- _The task_:
Comb the records below for the string "Read" and copy each line where it turns up.

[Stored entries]
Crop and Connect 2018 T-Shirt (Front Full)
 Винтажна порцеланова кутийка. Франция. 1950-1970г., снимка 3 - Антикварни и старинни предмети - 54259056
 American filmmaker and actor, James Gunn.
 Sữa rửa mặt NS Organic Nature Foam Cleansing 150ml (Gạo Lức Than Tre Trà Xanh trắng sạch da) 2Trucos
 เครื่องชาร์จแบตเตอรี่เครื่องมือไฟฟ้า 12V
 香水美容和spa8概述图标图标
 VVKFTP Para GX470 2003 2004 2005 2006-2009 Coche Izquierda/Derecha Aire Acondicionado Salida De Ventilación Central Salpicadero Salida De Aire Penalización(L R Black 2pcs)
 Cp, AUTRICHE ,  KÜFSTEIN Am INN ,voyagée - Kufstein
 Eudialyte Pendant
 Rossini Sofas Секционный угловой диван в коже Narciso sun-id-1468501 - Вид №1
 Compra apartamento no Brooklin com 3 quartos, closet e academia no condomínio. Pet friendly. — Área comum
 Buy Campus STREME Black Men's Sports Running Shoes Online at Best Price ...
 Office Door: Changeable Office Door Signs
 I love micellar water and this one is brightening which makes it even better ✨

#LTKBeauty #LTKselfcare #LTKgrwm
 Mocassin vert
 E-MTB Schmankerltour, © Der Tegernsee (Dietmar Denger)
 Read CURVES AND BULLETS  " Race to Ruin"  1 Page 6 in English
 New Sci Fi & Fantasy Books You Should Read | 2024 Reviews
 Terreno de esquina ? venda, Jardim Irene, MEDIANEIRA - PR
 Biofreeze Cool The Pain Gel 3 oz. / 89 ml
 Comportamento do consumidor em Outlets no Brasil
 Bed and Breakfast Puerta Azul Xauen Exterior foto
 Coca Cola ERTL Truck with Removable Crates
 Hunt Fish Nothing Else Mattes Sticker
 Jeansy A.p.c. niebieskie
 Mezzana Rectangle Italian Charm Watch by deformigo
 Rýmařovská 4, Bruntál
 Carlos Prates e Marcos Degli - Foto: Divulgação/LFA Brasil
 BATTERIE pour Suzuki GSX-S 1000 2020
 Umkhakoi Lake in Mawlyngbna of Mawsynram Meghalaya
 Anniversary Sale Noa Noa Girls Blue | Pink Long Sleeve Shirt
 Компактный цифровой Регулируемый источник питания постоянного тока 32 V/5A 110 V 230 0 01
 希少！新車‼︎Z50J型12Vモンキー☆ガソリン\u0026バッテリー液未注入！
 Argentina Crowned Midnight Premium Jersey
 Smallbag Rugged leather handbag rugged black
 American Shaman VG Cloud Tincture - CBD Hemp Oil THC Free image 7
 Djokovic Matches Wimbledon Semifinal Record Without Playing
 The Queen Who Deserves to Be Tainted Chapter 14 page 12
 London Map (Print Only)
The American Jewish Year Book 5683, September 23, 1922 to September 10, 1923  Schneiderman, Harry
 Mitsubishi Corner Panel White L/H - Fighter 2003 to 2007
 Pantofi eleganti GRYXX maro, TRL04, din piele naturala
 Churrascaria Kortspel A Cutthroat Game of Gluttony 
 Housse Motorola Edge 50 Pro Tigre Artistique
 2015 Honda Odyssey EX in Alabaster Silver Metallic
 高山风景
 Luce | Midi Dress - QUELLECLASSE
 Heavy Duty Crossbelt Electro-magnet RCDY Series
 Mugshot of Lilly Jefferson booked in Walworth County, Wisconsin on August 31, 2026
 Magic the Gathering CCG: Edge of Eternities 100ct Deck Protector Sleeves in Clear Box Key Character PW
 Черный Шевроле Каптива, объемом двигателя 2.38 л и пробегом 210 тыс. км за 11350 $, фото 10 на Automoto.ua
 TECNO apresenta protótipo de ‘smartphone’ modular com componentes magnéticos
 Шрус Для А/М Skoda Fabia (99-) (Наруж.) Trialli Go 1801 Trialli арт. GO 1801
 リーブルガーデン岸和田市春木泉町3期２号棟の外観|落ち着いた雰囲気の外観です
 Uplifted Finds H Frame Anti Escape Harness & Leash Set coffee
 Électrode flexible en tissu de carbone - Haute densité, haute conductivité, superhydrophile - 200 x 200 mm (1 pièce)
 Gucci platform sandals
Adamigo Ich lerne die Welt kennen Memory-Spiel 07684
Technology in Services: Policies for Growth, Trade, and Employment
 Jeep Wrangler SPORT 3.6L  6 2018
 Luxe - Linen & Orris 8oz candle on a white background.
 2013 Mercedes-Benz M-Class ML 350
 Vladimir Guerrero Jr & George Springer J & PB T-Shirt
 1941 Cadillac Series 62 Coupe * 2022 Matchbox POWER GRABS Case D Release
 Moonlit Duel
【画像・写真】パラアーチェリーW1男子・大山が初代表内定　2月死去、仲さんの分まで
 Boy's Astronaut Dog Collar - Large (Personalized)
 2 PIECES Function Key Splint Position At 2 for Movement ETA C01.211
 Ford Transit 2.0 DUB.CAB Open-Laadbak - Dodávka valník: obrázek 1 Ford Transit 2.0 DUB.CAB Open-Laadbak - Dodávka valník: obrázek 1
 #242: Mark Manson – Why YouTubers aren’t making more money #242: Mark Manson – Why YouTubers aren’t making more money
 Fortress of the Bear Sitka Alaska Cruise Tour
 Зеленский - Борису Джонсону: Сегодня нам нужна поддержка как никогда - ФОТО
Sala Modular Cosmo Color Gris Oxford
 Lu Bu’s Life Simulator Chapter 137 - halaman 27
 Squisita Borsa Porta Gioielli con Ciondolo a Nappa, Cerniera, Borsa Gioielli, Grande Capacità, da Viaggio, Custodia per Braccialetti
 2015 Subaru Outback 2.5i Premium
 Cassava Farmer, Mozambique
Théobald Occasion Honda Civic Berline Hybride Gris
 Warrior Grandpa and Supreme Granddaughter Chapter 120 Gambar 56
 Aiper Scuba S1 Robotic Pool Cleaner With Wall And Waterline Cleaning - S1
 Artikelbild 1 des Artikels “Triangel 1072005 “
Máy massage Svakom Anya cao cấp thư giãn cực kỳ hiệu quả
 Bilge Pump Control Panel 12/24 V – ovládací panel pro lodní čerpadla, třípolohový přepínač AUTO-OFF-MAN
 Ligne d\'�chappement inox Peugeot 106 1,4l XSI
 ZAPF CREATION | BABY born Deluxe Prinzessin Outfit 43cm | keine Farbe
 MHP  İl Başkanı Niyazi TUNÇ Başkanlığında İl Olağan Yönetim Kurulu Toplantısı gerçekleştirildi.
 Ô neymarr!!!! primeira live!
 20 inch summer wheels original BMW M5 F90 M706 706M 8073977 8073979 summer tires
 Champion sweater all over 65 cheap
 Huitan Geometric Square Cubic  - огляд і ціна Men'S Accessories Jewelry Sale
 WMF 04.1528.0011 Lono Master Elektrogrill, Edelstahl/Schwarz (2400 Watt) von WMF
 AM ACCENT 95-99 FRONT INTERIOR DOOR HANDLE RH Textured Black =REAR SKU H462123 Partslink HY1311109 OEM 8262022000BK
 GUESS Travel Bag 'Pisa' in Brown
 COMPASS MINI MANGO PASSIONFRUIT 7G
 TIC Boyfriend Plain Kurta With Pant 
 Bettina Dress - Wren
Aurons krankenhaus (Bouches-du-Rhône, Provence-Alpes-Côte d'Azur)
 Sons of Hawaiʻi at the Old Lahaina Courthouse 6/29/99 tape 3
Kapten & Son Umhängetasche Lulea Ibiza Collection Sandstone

- _Finished exercise_:
 Read CURVES AND BULLETS  " Race to Ruin"  1 Page 6 in English
 New Sci Fi & Fantasy Books You Should Read | 2024 Reviews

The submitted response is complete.